Protecting the consoles
The protection of the consoles is described in safeguard S 4.207 Use and protection of system-related z/OS terminals. Corresponding RACF definitions must be established in order to prevent employees from being able to access an EMCS (Extended Multiple Console Support) in an unauthorised manner.
Protecting the MVS commands
z/OS system commands must only be executed by authorised persons. These commands must be protected by the corresponding RACF profiles. It must be defined which employees require the authorisation for certain system commands and which employees may execute these. For example, it must be considered whether tasks are to be stopped and started via Operating alone, for example.
HCD
Certain hardware settings can be defined subsequently during z/OS system operation. This is performed with the help of the HCD process (HardwareConfiguration Definition). However, a new IOCDS (Input/Output Configuration Dataset) should only be activated within the framework of change management.
When defining hardware, it must be ensured that resources are not defined as Shared across several stand-alone systems. For example, it should not be possible to access the same hard disk from two different stand-alone systems. For parallel Sysplex configurations, resource sharing is part of the architecture and therefore is not a problem, if configured properly.
Operation
It should be considered to establish two RACF groups for Operating; one for operators with many years of experience and a second one for new (still inexperienced) employees. All employees should only be granted the rights they require. They be sufficiently trained for their work. Security-critical tasks in particular should be assigned to experienced employees.
Review questions:
- Is the host management console checked regularly for reported errors in z/OS?
- Are WTOR messages monitored in order to ensure that newly added queries of the z/OS operating system are answered immediately, if required?
- Has it been ensured that all planned system tasks of the z/OS system are active?
- Are the system utilisation and the compliance with the planned capacity limits of the z/OS system monitored appropriately?

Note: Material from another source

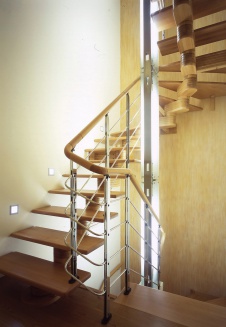 Фото лестницы пентхауса в стиле минимализм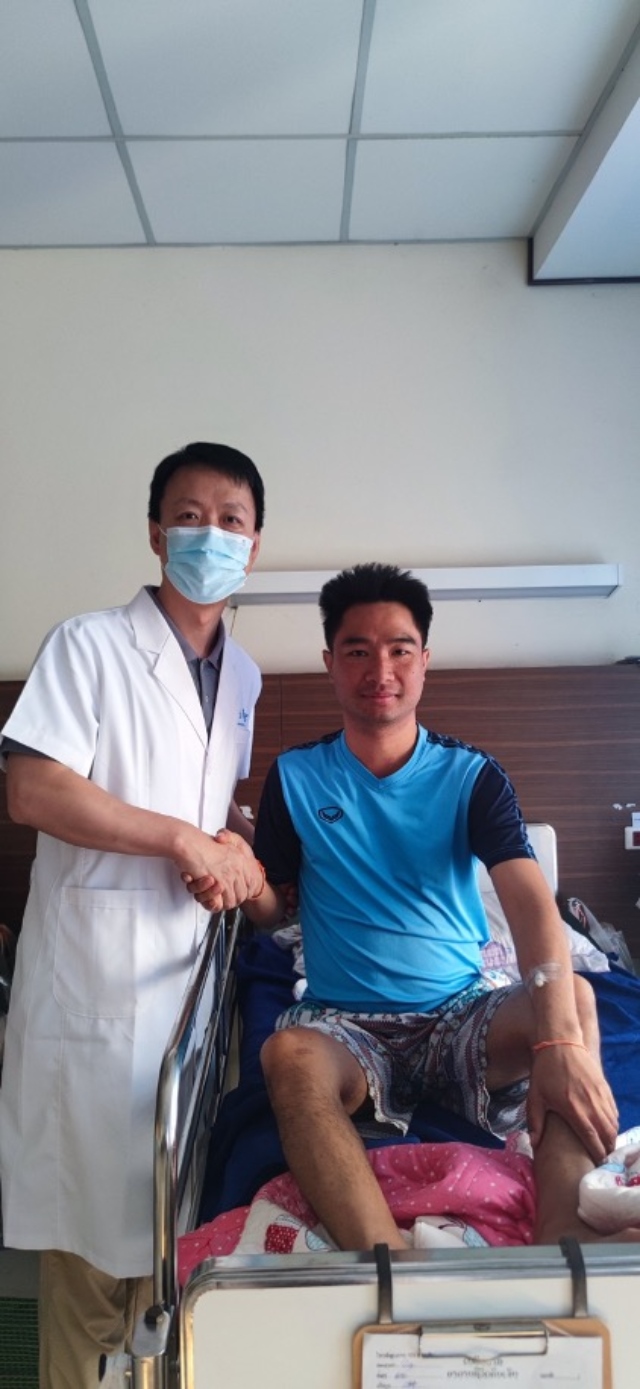 李凱教授與術后康復的患者合影。中國駐老撾大使館供圖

- Is the compliance with the security specifications for the z/OS system monitored?
- Are z/OS system messages reduced in such a way that only important messages are presented?
- Is maintenance work on the z/OS system coordinated with the specialists responsible using a comprehensible change management procedure?
- Is a procedure such as SMP/E used for software installation under z/OS?
- Are the z/OS system commands protected by corresponding RACF profiles so that only authorised persons are able to execute these commands?
- Have the employees responsible for operating the z/OS system been trained sufficiently?